小型地球観測衛星を設計・製作・運用 ~ AXELSPACE

「Thailand Space Week2023」に出展した「AXELSPACE(アクセルスペース)」(東京都)は1 ㍍四方・重量100㌔以下の小型地球観測衛星を自社で設計・製作・運用。2008年創業の同社は現在、2つの事業を並行して展開している。まず衛星の製作・販売。これまでに9機を製作しており、うち4機を外販した。残り5機はカメラを搭載し衛星軌道上から写真撮影を行い、撮影した写真をそのまま販売して日本全土のベースマップなどに利用されることもあれば、その写真を加工・分析することで得られたデータを販売したりもする。撮影写真を加工・分析することで、例えば病気に感染している植物の分布エリアを特定することができる。これらのデータは農業や森林監視などの分野で重用されている。

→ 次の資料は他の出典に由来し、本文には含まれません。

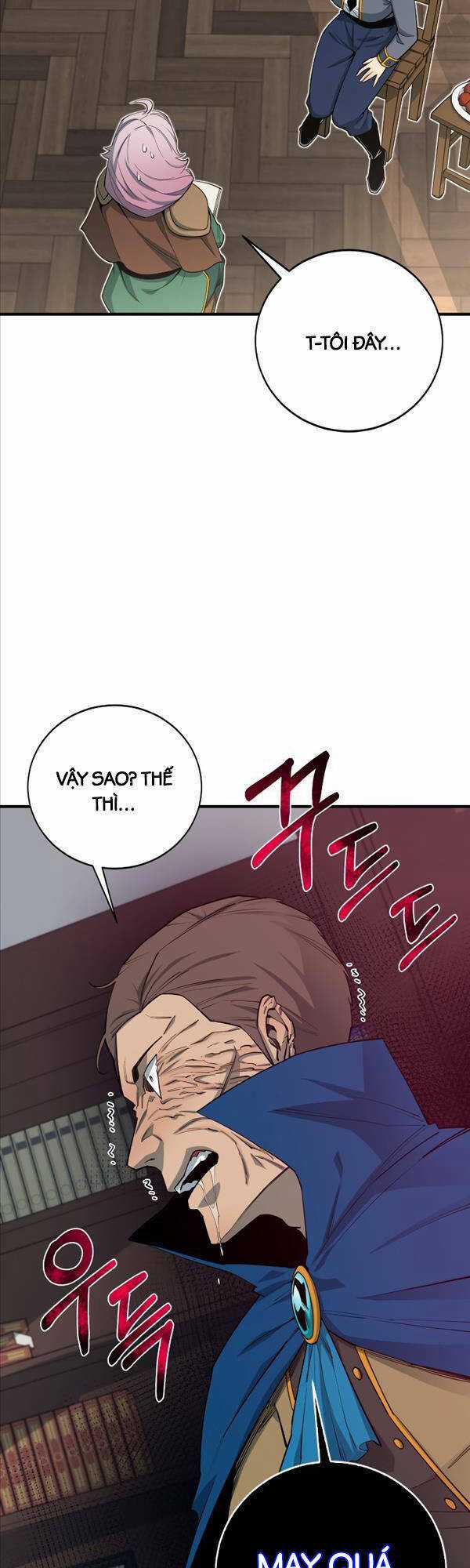 Tôi Càng Ăn Càng Trở Nên Mạnh Mẽ Chapter 88 trang 6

深澤達彦取締役兼AxelGlobe 事業本部長(写真左)によれば、同社では自社衛星とタイGISTDAが所有する衛星を共用するプロジェクトを検討中だ。工学写真は夜間撮影ができず、雲があると地表が写らないため、データの総量を増やすため衛星数は多いに越したことはない。ただ、異なる種類のカメラを搭載している場合は調整が必要となるため、これをどのように補完していくかが課題になっているという。

小型合成開口レーダ衛星を開発 ~ SYNSPECTIVE

一方、この撮影条件に左右されるという光学衛星の欠点を補うのがSAR(合成開口レーダ)衛星だ。レーダを発射し反射を受けることで肉眼で見えないものを可視化させる技術のためデータ処理は大変だが、全天候・全時間帯で地上観測が可能となる。ただ、レーダ衛星は多くの電力を必要とするため、大型の太陽電池パネルやバッテリーが必要となり、この点が小型化の足かせとなっていた。

15年程前から衛星に開口レーダーを搭載させ地上を観測する技術はあったが、当時のSAR衛星は1000㌔を超えるものあった。ここで、100 ~ 150㌔程度に小型化した衛星の開発に成功し、コスト面も開発費用と打上げ費用を合わせ大型SAR衛星の約20分の1を実現したのが、小型SAR 衛星開発を行う衛星データソリューションプロバイダーである2018年創業の「SYNSPECTIVE(シンスペクティブ)」(東京都)だ。

レーダ観測データの提供対象は多岐に及び、経済トレンドの分析データとしても利用されている。レーダ画像は撮影条件に左右されることなく24 時間撮影可能なため、世界の主要港での船の出入りを見える化することで、アナリストが世界主要港のトレンドを比較するための基礎資料として利用することもある。

また、立体的に地表・表面をとらえることができるため、海の波の形状から風速を推測し、洋上風力業者に対し、風の強い場所、ファームがどう影響し合うかなど調査段階で必要となる基礎情報を提供することもできる。ただ、舟木覚マーケティングマネージャー(写真)は、見ればわかる光学画像と加工が必要で手間のかかるレーダ画像は補完関係にあるとも指摘する。例えば、森林のバイオマス(再生可能な有機性資源)を調べる際、まず光学画像で樹木の種類を判別。と同時に、レーダ画像で樹木の高さの平均値を出す。これにより森林のバイオマスが判明し、カーボンクレジット(オフセット)の基礎情報としての活用が可能となる。

高度精密加工技術で宇宙産業を下支え ~ 由紀精密

衛星は不具合が起きたとしても簡単に修理できない。そのため、部品には高度の精密加工技術が必要となる。今回、出展した由紀精密(神奈川県)は航空宇宙産業で使われる加工の難しい工材を精密加工する技術をPRした。JAXAのプロジェクトではスラスターと呼ばれる方向制御のための重要部品の精密加工を請け負った。同社は顧客ニーズに合わせて設計・製造を行うが、現状、半分程度が宇宙産業向け部品となっている。松本幸子・開発部特命担当兼宇宙事業担当シニアマネージャー(写真)によれば、ベンチャーから部品設計・開発に関する相談が増えているという。同社では現在、前出のスラスターユニットの委託開発だけでなく、自社開発にも着手。宇宙産業の成長を下支えしている。